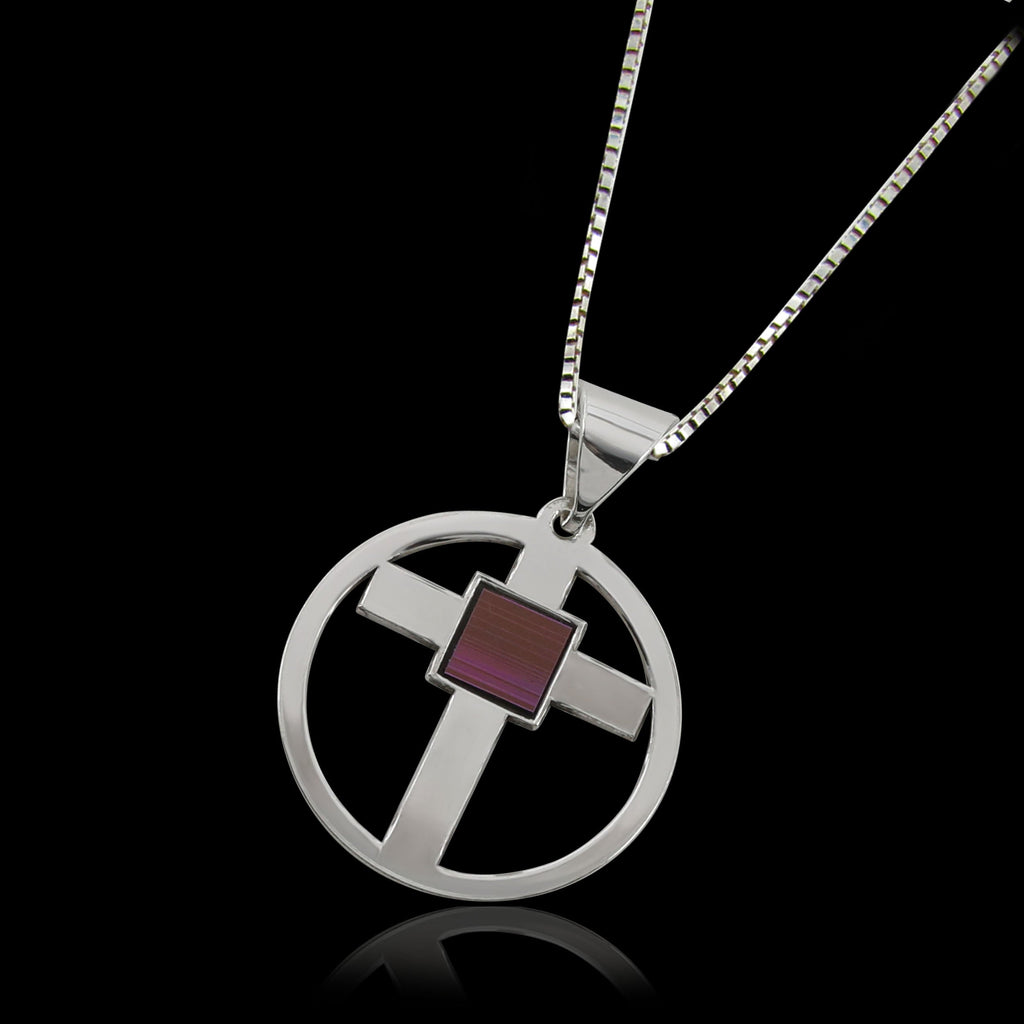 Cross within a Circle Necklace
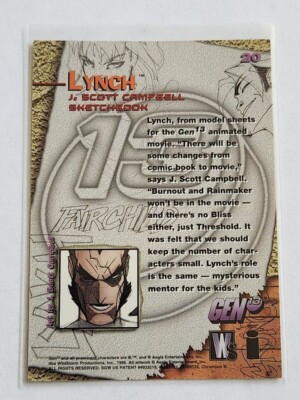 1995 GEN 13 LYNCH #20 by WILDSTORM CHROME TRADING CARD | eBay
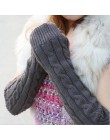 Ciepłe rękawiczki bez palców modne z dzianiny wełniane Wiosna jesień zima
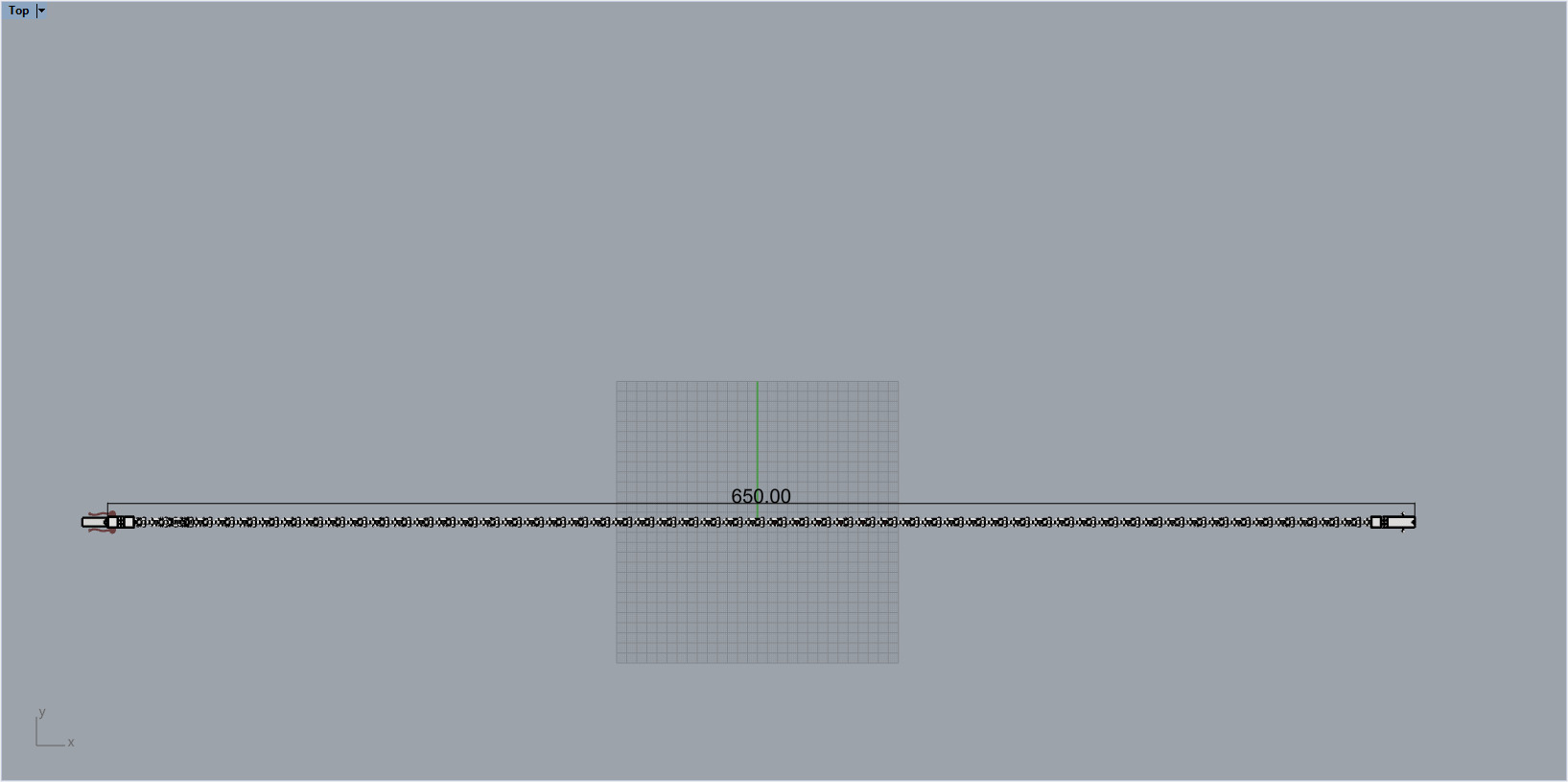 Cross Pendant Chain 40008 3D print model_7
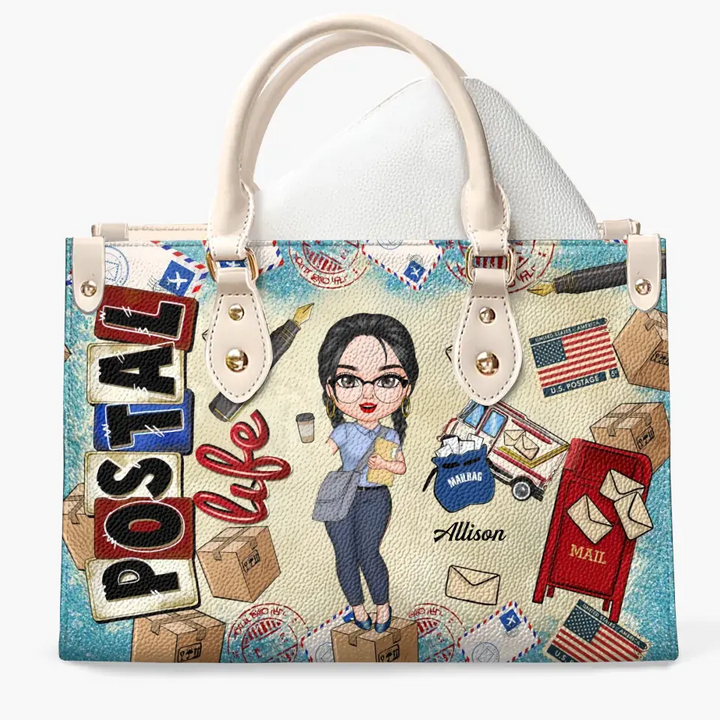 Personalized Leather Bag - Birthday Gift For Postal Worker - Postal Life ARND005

⁂

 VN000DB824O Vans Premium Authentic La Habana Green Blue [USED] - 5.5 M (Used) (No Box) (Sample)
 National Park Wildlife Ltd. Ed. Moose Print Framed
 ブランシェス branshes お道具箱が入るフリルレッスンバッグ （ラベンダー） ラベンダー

⁂

--- Assignment ---
Reproduce the entries exactly, from the line with "Cross Pendant Chain 40008 3D print model_7" to the line with "Personalized Leather Bag", both lines included, keeping no pictures.

--- Finished exercise ---
 Cross Pendant Chain 40008 3D print model_7
 Personalized Leather Bag - Birthday Gift For Postal Worker - Postal Life ARND005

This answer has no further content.